Veel stropers riskeren hun leven vanwege de enorme geldbedragen die ermee gemoeid zijn. „Een enkele horen [van een neushoorn] kan $25.000 opbrengen”, bericht de Afrikaanse krant The Star. Een natuurbeschermer, dr. Esmond Martin, bezocht in 1988 een Aziatisch land en constateerde dat de prijs van rinoceroshoorn binnen drie jaar was gestegen van $1532 tot $4660 per kilo.
Wie zal er het eerst toeslaan?
Er zijn drastische maatregelen getroffen om de aandacht te vestigen op de bedreiging die de vraag naar ivoor en rinoceroshoorn teweegbrengt. In juli 1989 zagen miljoenen tv-kijkers overal ter wereld hoe een enorme hoop van twaalf ton ivoor, met een geschatte waarde van drie à zes miljoen dollar, in brand werd gestoken door de president van Kenia, Daniel arap Moi. Aan dr. Richard Leakey, hoofd faunabeheer in Kenia, werd gevraagd hoe zo’n kennelijke verspilling te rechtvaardigen was. „Wij zouden de mensen in Amerika, Canada of Japan er niet van hebben kunnen overtuigen dat zij geen ivoor meer moesten kopen als wij het nog wel zouden verkopen”, antwoordde hij. Ja, dergelijke maatregelen schokten veel mensen dermate dat zij hun medewerking verleenden aan een internationaal verbod op de handel in ivoor. De vraag naar ivoren produkten daalde scherp.
Bij de neushoorn ligt de situatie anders. Hoewel de president van Kenia in 1990 rinoceroshoorn ter waarde van miljoenen dollars in brand stak, blijft de vraag. (Zie het kader „Waarom rinoceroshoorn zo populair is” op blz. 9.) Om de snel kleiner wordende neushoornpopulaties te beschermen, zijn sommige landen ertoe overgegaan de horens van deze dieren af te zagen. Soms is het een wanhopige race om wie er het eerst zal toeslaan, de natuurbeschermer met zijn immobiliserende pijl of de stroper met zijn dodelijke automatische geweer.

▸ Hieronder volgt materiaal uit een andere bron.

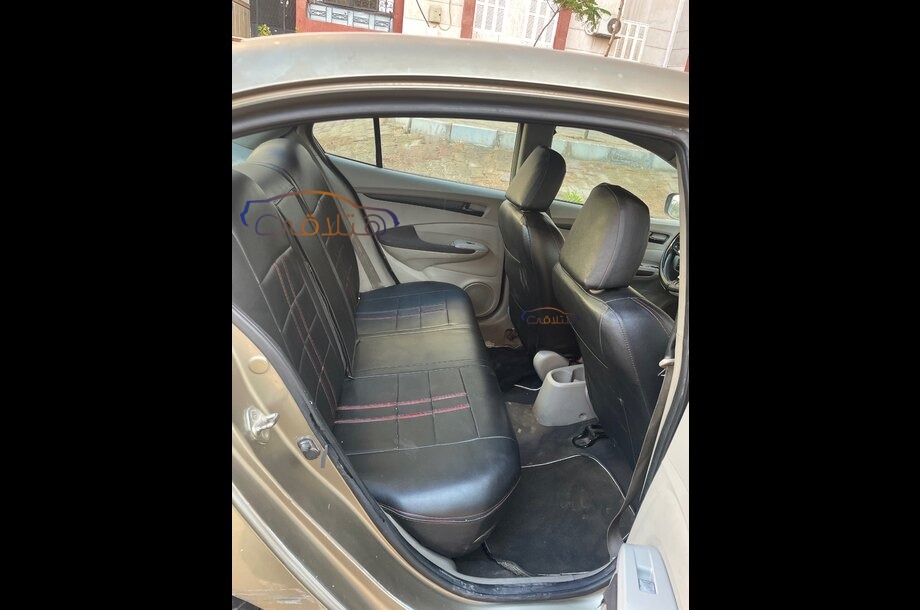 City Honda برونزي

Een nieuwe tendens in het natuurbehoud
Westerse jagers en natuurbeschermers hebben al lang veel waardering voor de bekwaamheid van de plattelandsbevolking als spoorzoekers. Ja, veel Afrikanen hebben een opmerkelijke kennis van de dierenwereld. „Deze kennis wordt”, zo legt Lloyd Timberlake uit in zijn boek De Afrikaanse Crisis, „veelal mondeling overgedragen en maakt kans te verdwijnen naarmate meer Afrikanen het platteland verruilen voor de stad . . . De wereld loopt gevaar ’vele „maneeuwen” wetenschappelijk onderzoek kwijt te raken’, aldus de . . . antropoloog Leslie Brownrigg.”

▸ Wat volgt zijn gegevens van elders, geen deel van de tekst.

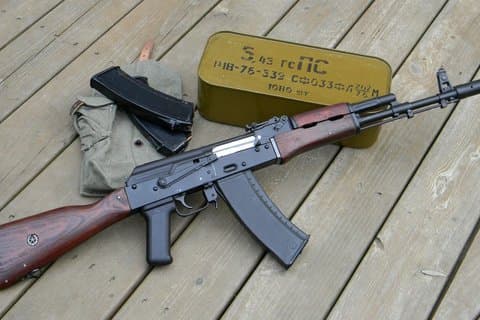 Tour de tir Almaty - AK 47, Mosin, M16, Glock et autres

In het verleden hebben koloniale regeringen nationale parken gesticht door de kleine boeren, die eeuwenlang voor hun voedsel van het wild afhankelijk waren geweest, te verdrijven. Nu roepen sommige Afrikaanse regeringen de hulp in van deze lang genegeerde inheemse boeren. „In verscheidene landen in zuidelijk Afrika”, bericht het Worldwatch Institute, „heeft de staat afstand gedaan van haar exclusieve beheer over de dieren. Aan plattelandsgemeenschappen in 10 van Zambia’s 31 wildbeheergebieden is het recht op dieren verleend; het stropen is drastisch verminderd en de wildpopulaties blijken zich als gevolg daarvan te herstellen.” Er zijn meer berichten over succes waar plaatselijke boeren betrokken zijn bij hun eigen behoud, bijvoorbeeld onder de zwarte neushoorns en de woestijnolifanten van Kaokoland in Namibië, in wildreservaten van Kangwane in Zuid-Afrika en in andere Afrikaanse landen.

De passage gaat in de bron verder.